Proponents of biomass argue that such emissions should not be
considered in applying the regulatory threshold, because burning
plants simply returns to the atmosphere carbon dioxide that the
plants removed as they grew, in contrast to burning fossil fuels,
which results in emission of carbon that had been sequestered below
ground for millennia. Opponents argue that the biomass cycle is not
entirely carbon-neutral and does not adequately account for the
effects of land-use changes.
EPA's guidance in the first part of 2011 should clarify two
issues: (1) whether a stationary source's emissions from
biomass combustion must be included in calculations to determine
whether that source exceeds applicable permitting thresholds, and
(2) whether "fuel-switching" from fossil fuels to biomass
may be selected as the "best available control
technology" in greenhouse gas emissions permits.

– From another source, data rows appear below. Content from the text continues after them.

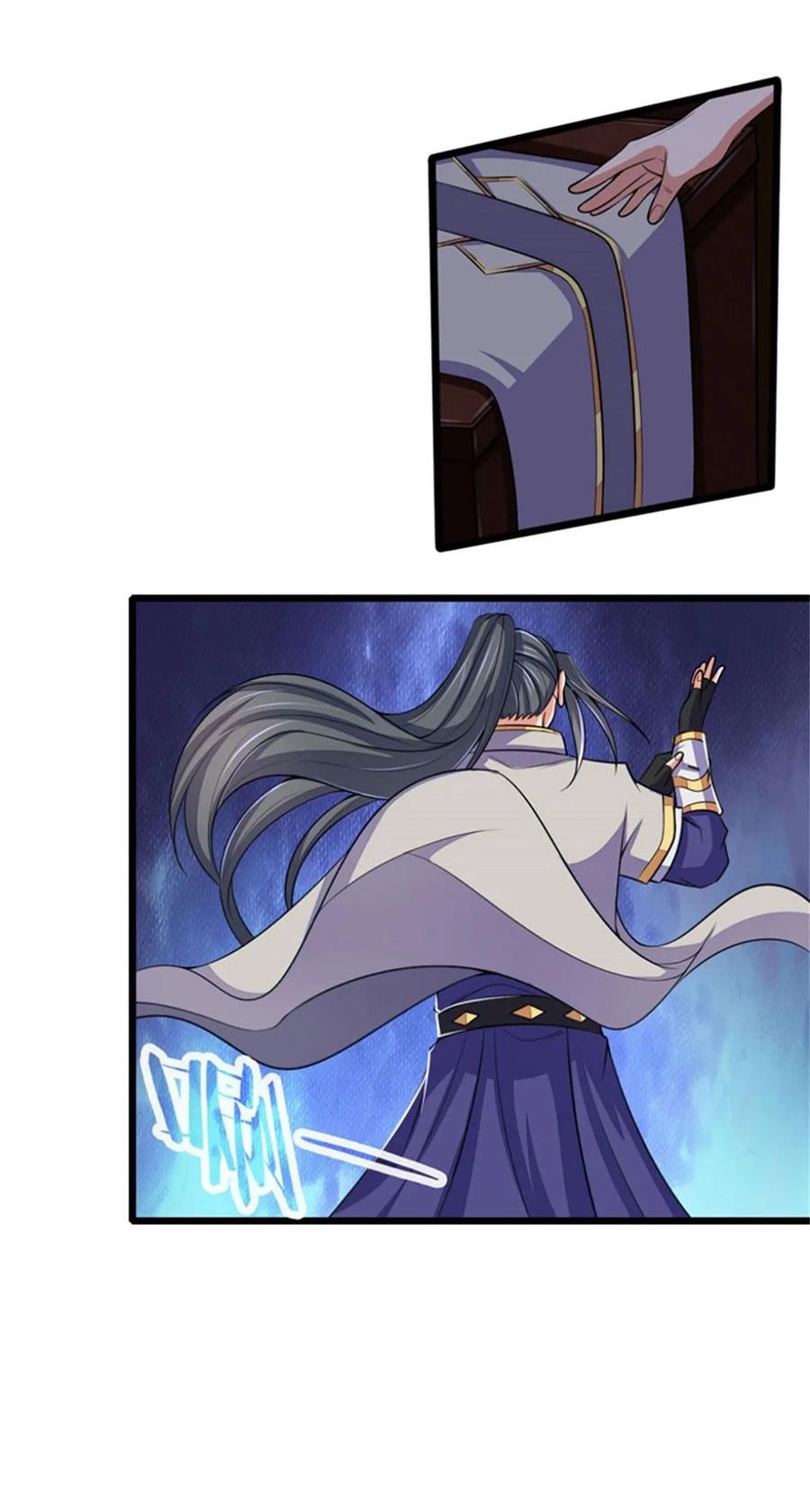 Page 3 of Chapter 219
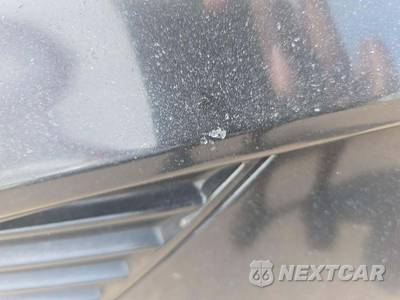 2020 Toyota Camry XSE - zdjęcie 21 z 22 - miniatura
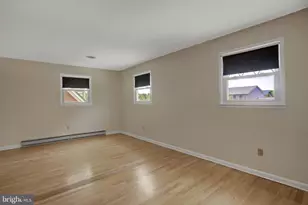 108 Willow Dr, Shippensburg, PA 17257 - Photo 26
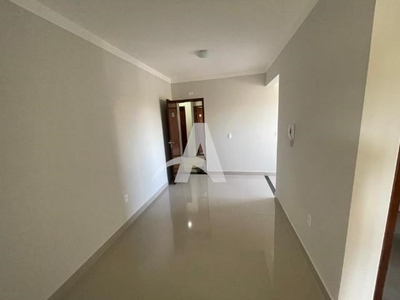 Apartamento com 2 Quartos e 2 banheiros para Alugar, 54 m² por R$ 1.500/Mês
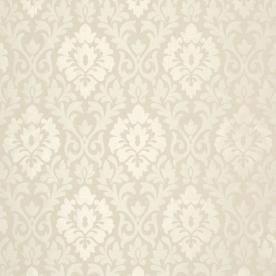 Coba Curtain Fabric Natural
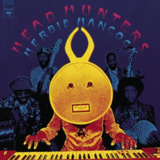 Herbie Hancock - Head Hunters 1973 - ALAC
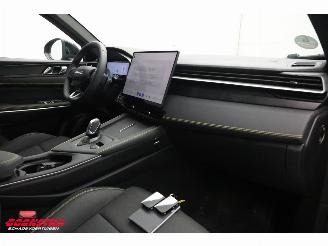 Lynk & Co 01 1.5 PHEV Core LED ACC Apple/Android Camera SHZ picture 10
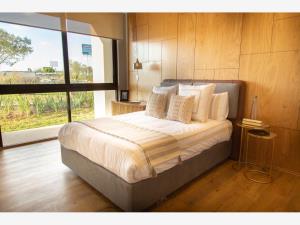 Departamento en venta en Hacienda Valbuena, León — foto 2 de 14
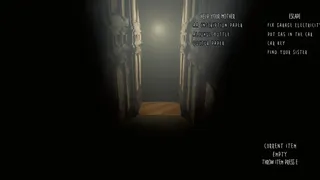 Скриншот 5 к игре Osylla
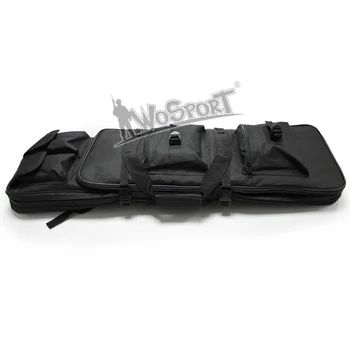 85/100/120cm Multi-Purpose Outdoor Fishing Bags 600D Oxford Tactical Hunting Sniper Bags Functional Shooting Hunting Sniper Pack
85/100/120cm Multi-Purpose Outdoor Fishing Bags 600D Oxford Tactical Hunting Sniper Bags Functional Shooting Hunting Sniper Pack
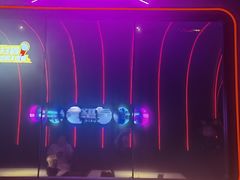 -星聚会KTV(上海松江万达店)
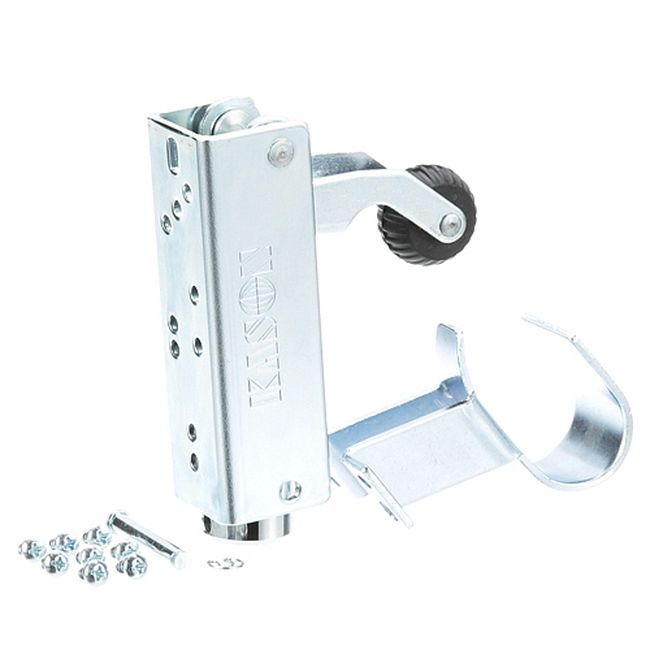 Product gallery 450782983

In the meantime, the U.S. Department of Agriculture is moving
forward with plans to provide financial assistance under the
Biomass Crop Assistance Program to farmers who grow commercial
biomass crops, such as switchgrass, sorghum, hybrid poplars, and
willows. Under the
final rule, published October 27, 2010, 50 million acres of
existing pasture land and traditional cropland would be converted
to biomass energy production. The USDA believes that this broad
program is necessary to meet the federal renewable fuel standard,
which requires production of 36 billion gallons of renewable fuel,
including fuel from biomass, by 2022.